Gli elementi per farne un libro che sarà godibilissimo anche se letto fra cinque e dieci anni sono tanti. Il primo è senza dubbio il tema. La storia del mondo in 10 capitoli e ½ infatti mescola elementi storici con narrazioni ricche di invenzione. Dieci i capitoli per dieci storie che sono legate tra loro con l’esile filo del mito biblico della navigazione di Noè per salvare la specie umana e quelle animali dal diluvio.
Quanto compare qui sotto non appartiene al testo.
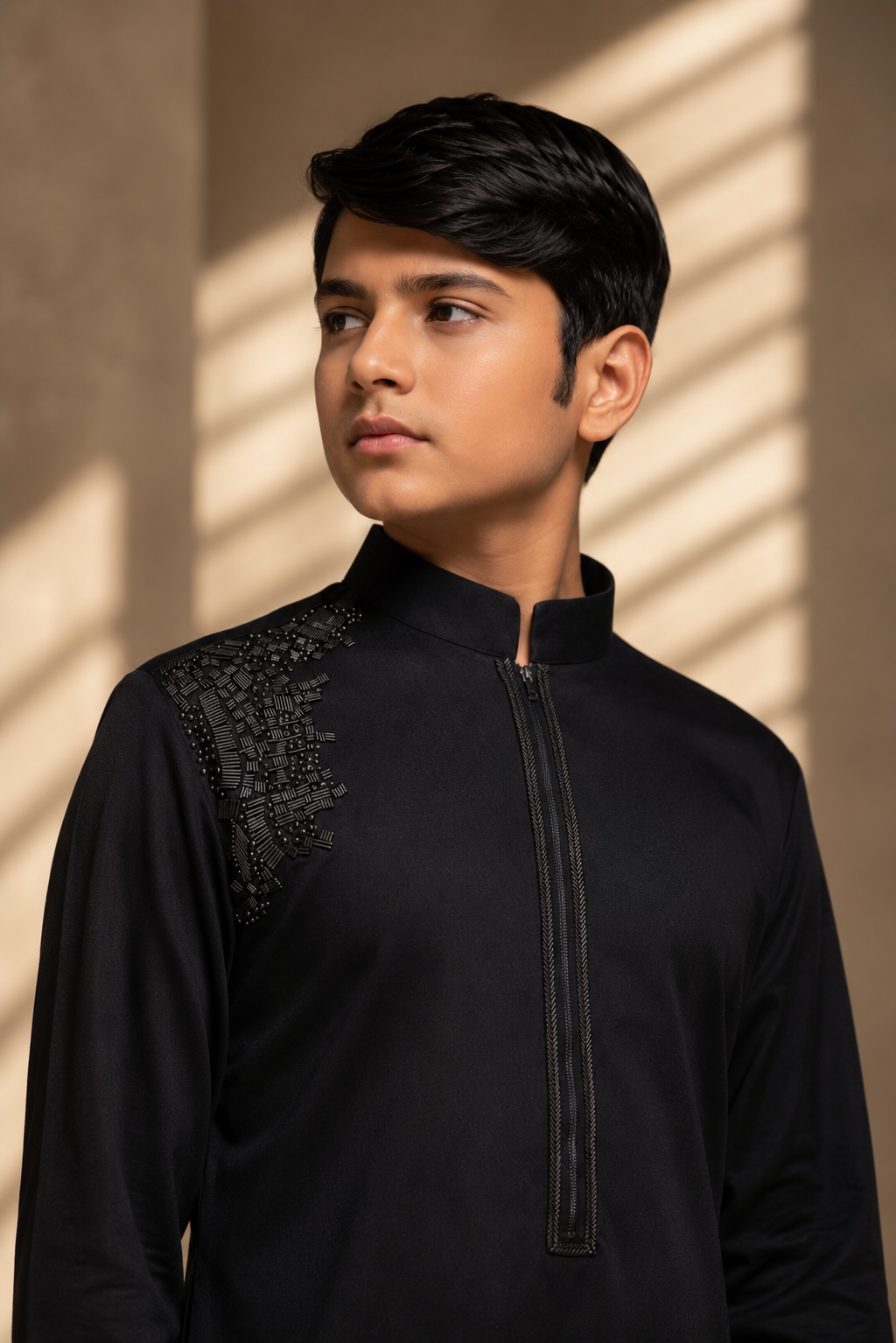 Featuring black knit kurta embellished with antique metal components on one shoulder and zipper detailing paired with aligarhi pants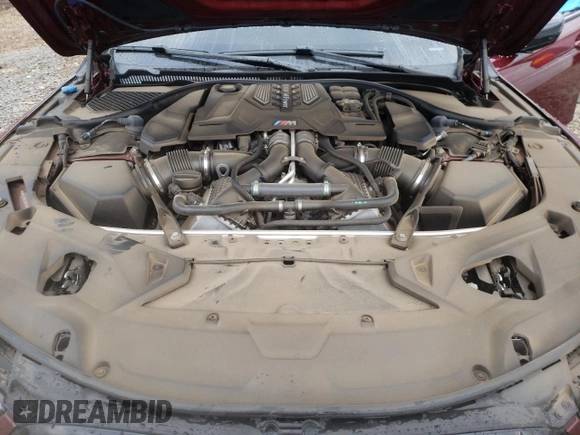 2021 BMW M8 z VIN WBSGV0C03MCF60039, wystawiony jako Copart lot #39737763 z przebiegiem Nie podano mil oraz . Historia ofert i sprzedaży dostępna na DreamBid. Obrazek 11.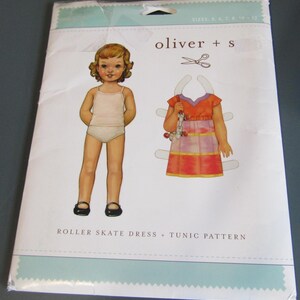 May include: A sewing pattern envelope for a Roller Skate Dress + Tunic by oliver + s. The packaging features an illustration of a paper doll figure and a separate dress graphic with scissors, including sizes 5, 6, 7, 8, 10, and 12 printed at the top.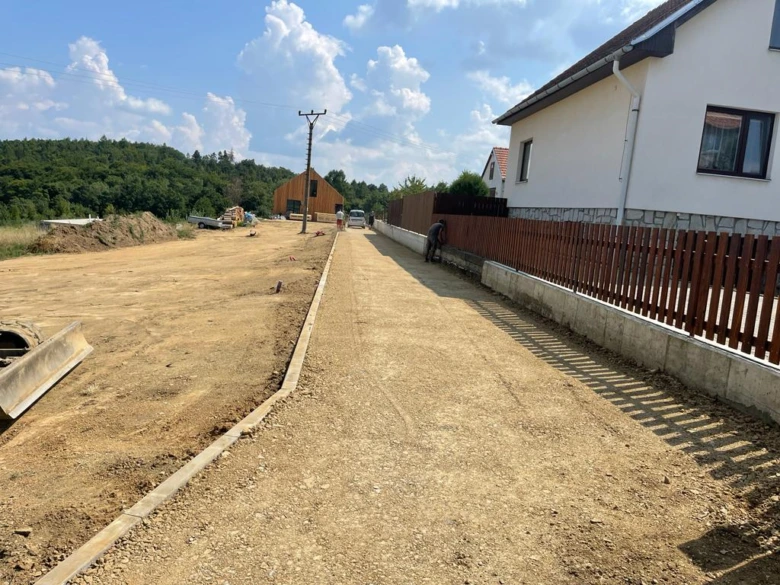 Stavba příjezdové cesty vedle domu s dřevěným plotem.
Se la fonte di questo topos letterario non è storicamente documentabile, pur tuttavia sono in tanti, nel corso dei secoli a essersi serviti di Noè e della sua arca per giustificare idee bizzarre e immaginifiche imprese. Come quella di un ex astronauta, Spike Tiggler, che – una volta allunato – sente una voce imporgli di salire sul Monte Ararat per cercare i resti della celebre arca. O come quella che, con la stessa meta e con lo stesso scopo, ebbe come protagonista a metà dell’Ottocento la figlia del colonnello Fergusson. Cercava i resti di Noè e la sua mitica vite. E vi trovò invece l’ultimo (e scomodo) giaciglio.
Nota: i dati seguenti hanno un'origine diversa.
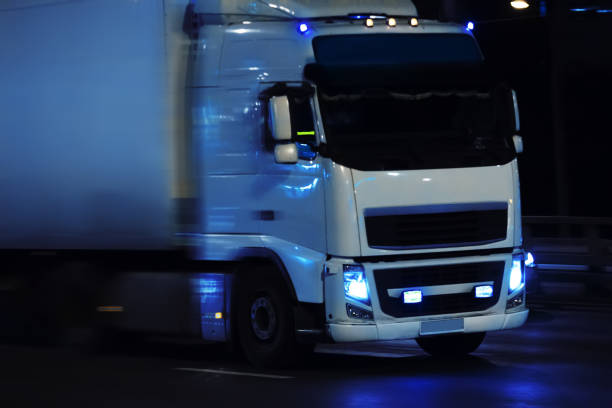 istock truck moving on night city 1193619851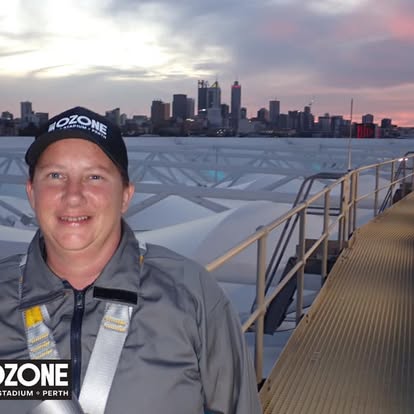 Britt Brennan on Optus Stadium rooftop at sunset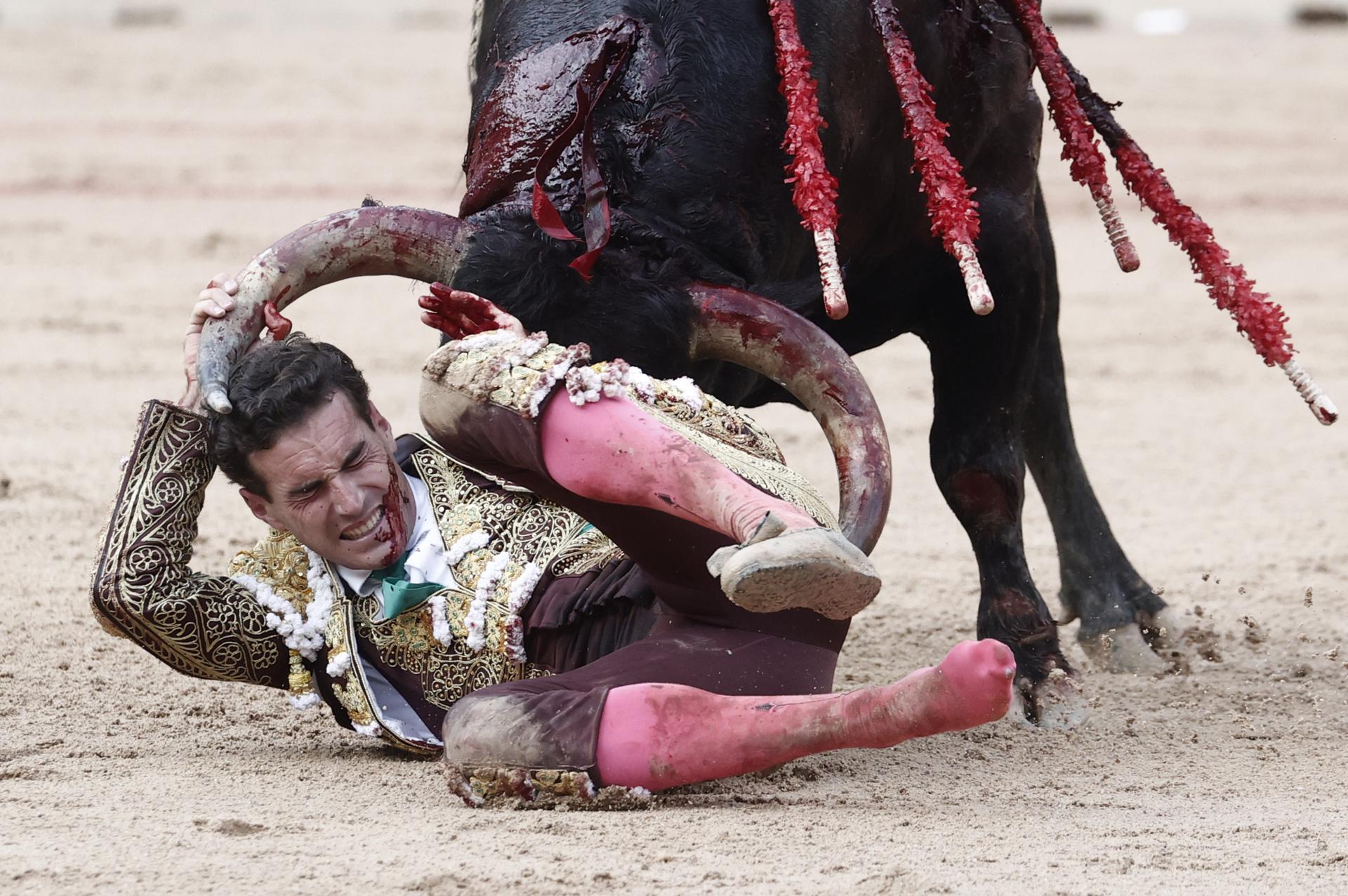 El torero Fernando Adrián sufre un revolcón durante la lidia a su segundo toro de la tarde en la novena de abono de la Feria de Toro de los Sanfermines 2025 con toros de la ganadería gaditana La Palmosilla y en la que comparte cartel con los diestros Jiménez Fortes y Ginés Marín. EFE/Jesús Diges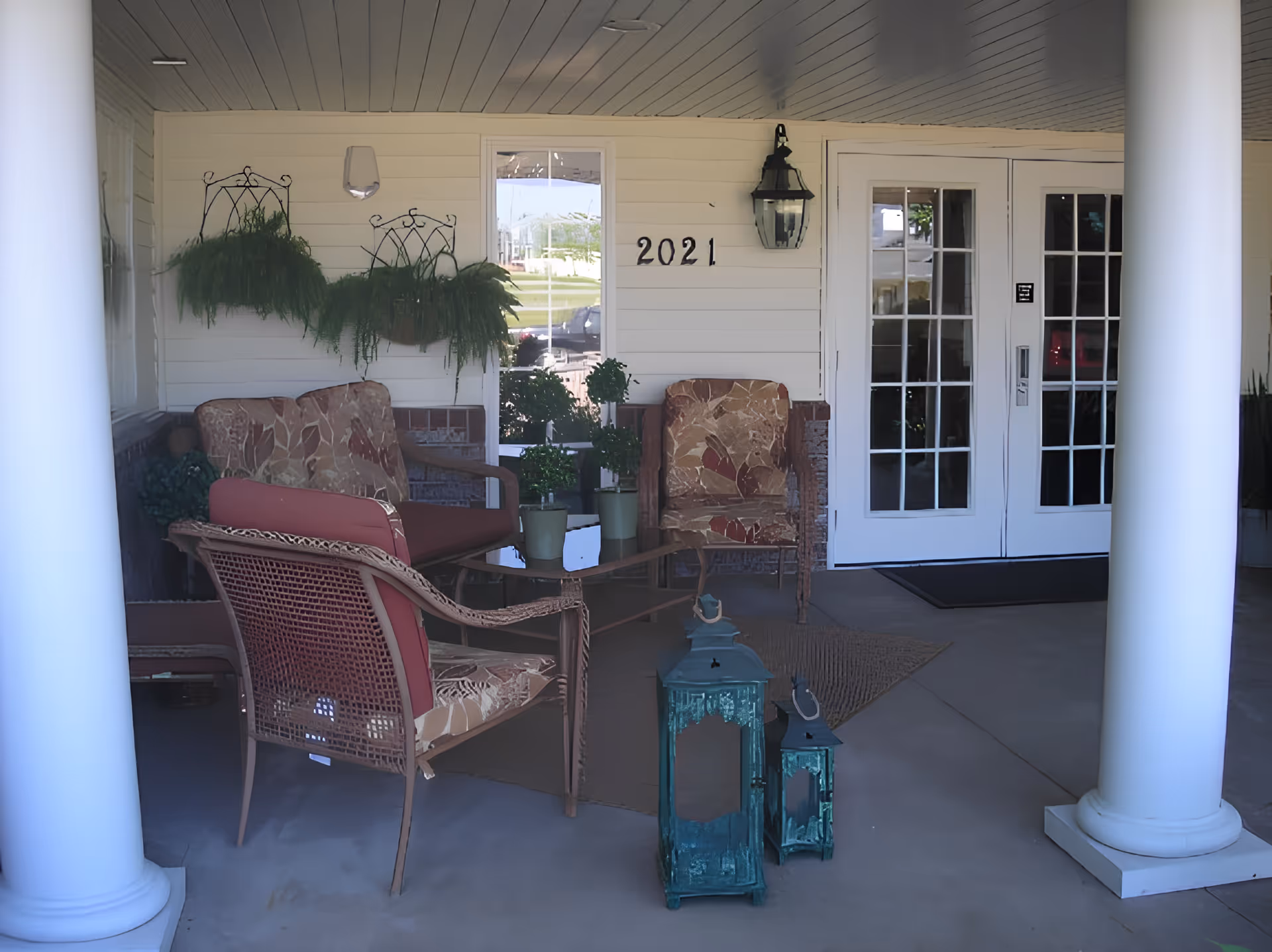 Covered porch area with white columns, cushioned wicker chairs and a loveseat arranged around a glass coffee table with potted plants. Two decorative green lanterns are on the floor in front. The wall behind has hanging ferns, a window, a black lantern light fixture, and the number 2021. Double glass doors lead inside.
Il libro però offre un’ottima lezione sulla Storia ufficiale e sul modo di smontare e ridimensionare luoghi comuni e “partiti presi”. Basta la forza, la caparbia energia di un tarlo per minare qualsiasi certezza. Anche quella che impone di pensare che sull’Arca non ci fossero clandestini. C’erano eccome. Erano migranti per necessità ma erano immondi, non erano apprezzati e soprattutto le loro doti e le loro caratteristiche erano temute. Oggi di quel mitico legno con il quale Noè e i suoi figli realizzarono la mitica arca non c’è più traccia. Il legno di Gopher è stato tutto mangiato dai tarli. Proprio quegli indesiderati ospiti che riuscirono a conquistare la sopravvivenza al diluvio grazie alla clandestinità. E furono loro a raccontare la storia delle efferatezze compiute con disinvoltura da Noè e i suoi figli. Altro che ordine divino, per Noè e per i suoi familiari – come racconta il tarlo testimone – “noi eravamo un self-service galleggiante. Per loro, nell’Arca, animali mondi e immondi non comportavano differenza alcuna. Prima la pancia piena, dopo la pietà: la regola era questa”. Lo stesso tarlo, prima di organizzare la fuga dall’Arca con lo stesso metodo usato poi da Ulisse nella caverna di Polifemo, ha modo di giudicare con una sentenza inappellabile gli uomini e la loro incomprensibile natura di teste pensanti. “La vostra specie ha qualche problema con la verità. Ignorare i dati negativi vi aiuta a tirare avanti. Chiudere gli occhi sul male finisce col persuadervi che il male non è esistito. Ve ne lasciate sempre sorprendere. Vi stupite che i fucili uccidano, che il denaro corrompa che d’inverno nevichi”. Tanta ingenuità, sentenzia il tarlo, “può riuscire seducente; ma rischia del pari, ahimè, di essere pericolosa”.

Aggiungiamo come terzo e ultimo elemento una lingua vibrante e colorita. Una costruzione linguistica vivace ma mai ridondante. Adeguato contraltare a un’invenzione a dir poco brillante. Ed è lo stesso Barnes a darci tra le righe il senso di questa operazione (ora ripetuta con altre modalità e con altri registri in Livelli di vita) “Fabulazione: ti abbarbichi a qualche dato autentico, intorno al quale elabori una storia tutta nuova”. E – nel caso di Barnes – altrettanto seducente e convincente.